Start of GIVEN DATA

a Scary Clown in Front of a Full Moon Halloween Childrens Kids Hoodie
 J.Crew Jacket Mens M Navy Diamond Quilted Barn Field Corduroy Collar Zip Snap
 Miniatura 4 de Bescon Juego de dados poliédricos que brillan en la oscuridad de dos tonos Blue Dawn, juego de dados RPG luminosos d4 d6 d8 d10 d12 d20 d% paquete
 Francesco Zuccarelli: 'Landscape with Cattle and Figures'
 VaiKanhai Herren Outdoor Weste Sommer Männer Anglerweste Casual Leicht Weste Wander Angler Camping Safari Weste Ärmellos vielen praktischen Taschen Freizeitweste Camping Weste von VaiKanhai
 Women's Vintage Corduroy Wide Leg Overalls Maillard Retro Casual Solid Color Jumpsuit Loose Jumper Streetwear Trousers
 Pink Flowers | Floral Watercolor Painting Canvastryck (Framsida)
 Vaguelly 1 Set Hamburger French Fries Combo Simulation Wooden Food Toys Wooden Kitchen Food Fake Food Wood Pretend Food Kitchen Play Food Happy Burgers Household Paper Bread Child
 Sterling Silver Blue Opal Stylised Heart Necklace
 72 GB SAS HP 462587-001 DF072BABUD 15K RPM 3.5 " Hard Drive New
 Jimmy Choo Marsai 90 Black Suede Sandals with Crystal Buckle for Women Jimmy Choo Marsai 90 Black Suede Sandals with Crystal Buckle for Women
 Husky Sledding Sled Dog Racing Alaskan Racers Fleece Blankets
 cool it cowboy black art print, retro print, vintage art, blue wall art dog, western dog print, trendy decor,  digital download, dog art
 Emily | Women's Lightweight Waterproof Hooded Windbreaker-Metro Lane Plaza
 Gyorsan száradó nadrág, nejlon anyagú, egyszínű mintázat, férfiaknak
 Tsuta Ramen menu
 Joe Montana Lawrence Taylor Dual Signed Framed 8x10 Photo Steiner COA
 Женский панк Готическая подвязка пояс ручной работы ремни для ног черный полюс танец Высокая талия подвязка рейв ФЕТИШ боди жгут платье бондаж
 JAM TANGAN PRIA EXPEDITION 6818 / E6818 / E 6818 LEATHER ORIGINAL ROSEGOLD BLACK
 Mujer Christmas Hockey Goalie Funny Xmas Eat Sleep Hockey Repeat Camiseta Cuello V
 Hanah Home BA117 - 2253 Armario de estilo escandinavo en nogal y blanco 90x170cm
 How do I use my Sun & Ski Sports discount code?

End of GIVEN DATA

* EXERCISE PROMPT
Look for the string "Casual" in the records, and copy every line where it is found.

* EXERCISE RESULT
 VaiKanhai Herren Outdoor Weste Sommer Männer Anglerweste Casual Leicht Weste Wander Angler Camping Safari Weste Ärmellos vielen praktischen Taschen Freizeitweste Camping Weste von VaiKanhai
 Women's Vintage Corduroy Wide Leg Overalls Maillard Retro Casual Solid Color Jumpsuit Loose Jumper Streetwear Trousers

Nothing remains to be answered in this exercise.